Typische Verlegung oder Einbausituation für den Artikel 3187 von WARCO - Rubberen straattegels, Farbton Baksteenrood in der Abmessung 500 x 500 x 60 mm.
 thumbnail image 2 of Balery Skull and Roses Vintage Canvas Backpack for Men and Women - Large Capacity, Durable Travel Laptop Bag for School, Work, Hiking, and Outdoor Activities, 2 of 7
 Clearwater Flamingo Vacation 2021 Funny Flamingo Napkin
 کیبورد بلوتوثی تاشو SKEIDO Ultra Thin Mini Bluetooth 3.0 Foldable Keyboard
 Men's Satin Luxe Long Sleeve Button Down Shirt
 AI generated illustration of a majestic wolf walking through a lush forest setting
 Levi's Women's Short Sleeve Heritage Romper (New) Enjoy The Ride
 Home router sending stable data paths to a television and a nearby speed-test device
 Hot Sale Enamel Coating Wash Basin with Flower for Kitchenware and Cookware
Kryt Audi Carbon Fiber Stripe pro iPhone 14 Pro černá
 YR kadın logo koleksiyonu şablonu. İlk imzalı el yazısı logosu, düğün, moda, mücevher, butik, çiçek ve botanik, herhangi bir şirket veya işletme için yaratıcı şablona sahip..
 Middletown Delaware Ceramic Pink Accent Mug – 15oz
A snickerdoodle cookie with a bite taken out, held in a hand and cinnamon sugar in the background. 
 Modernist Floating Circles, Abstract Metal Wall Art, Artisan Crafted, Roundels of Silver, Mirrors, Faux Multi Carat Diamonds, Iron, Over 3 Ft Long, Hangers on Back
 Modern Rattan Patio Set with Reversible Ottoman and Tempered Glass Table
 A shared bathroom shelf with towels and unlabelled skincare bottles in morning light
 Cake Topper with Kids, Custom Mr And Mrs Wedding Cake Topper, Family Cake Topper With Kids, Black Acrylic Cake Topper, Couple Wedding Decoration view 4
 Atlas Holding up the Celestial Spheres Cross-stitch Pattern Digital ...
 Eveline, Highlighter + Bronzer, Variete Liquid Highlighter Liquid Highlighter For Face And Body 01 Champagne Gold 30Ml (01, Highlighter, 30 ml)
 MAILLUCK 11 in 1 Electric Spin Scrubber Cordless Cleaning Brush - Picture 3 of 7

++++

Directions
Please give back exactly the lines of the listing above that run from the one containing "A snickerdoodle cookie" through the one containing "A shared bathroom", and only those.

Exercise result
A snickerdoodle cookie with a bite taken out, held in a hand and cinnamon sugar in the background. 
 Modernist Floating Circles, Abstract Metal Wall Art, Artisan Crafted, Roundels of Silver, Mirrors, Faux Multi Carat Diamonds, Iron, Over 3 Ft Long, Hangers on Back
 Modern Rattan Patio Set with Reversible Ottoman and Tempered Glass Table
 A shared bathroom shelf with towels and unlabelled skincare bottles in morning light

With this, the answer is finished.